* **Problem requirements**:
Please output the line containing "Tod's Multicolor Metal Keychain - Image 3" and all lines that follow it in the data below, exactly, with no pictures.

* **Data block**:
-.-.-
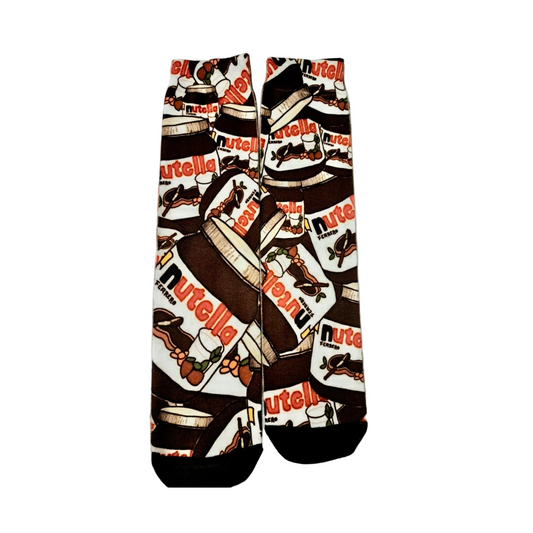 Novelty Chocolate Spread Socks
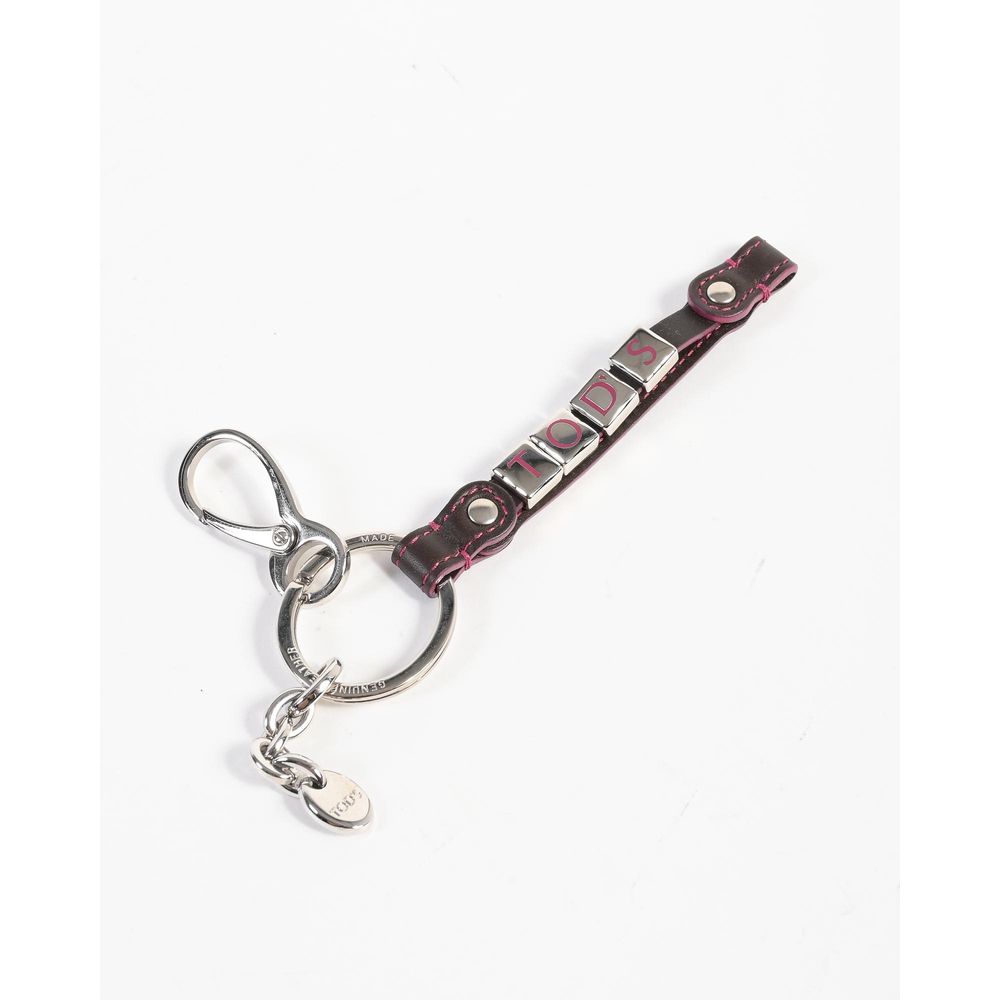 Tod's Multicolor Metal Keychain - Image 3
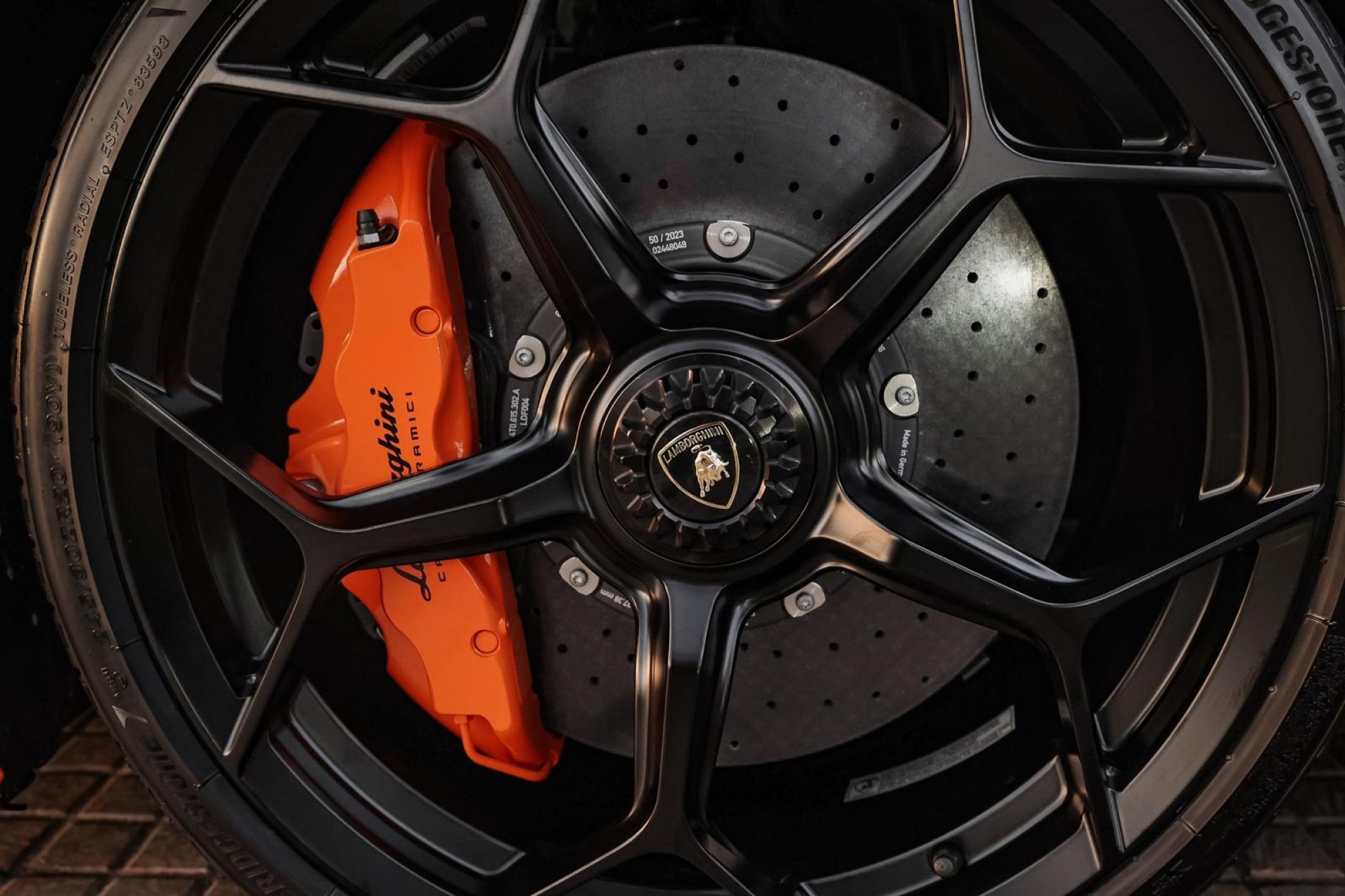 LAMBORGHINI HURACAN TECNICA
-.-.-
* **Exercise answer**:
 Tod's Multicolor Metal Keychain - Image 3
 LAMBORGHINI HURACAN TECNICA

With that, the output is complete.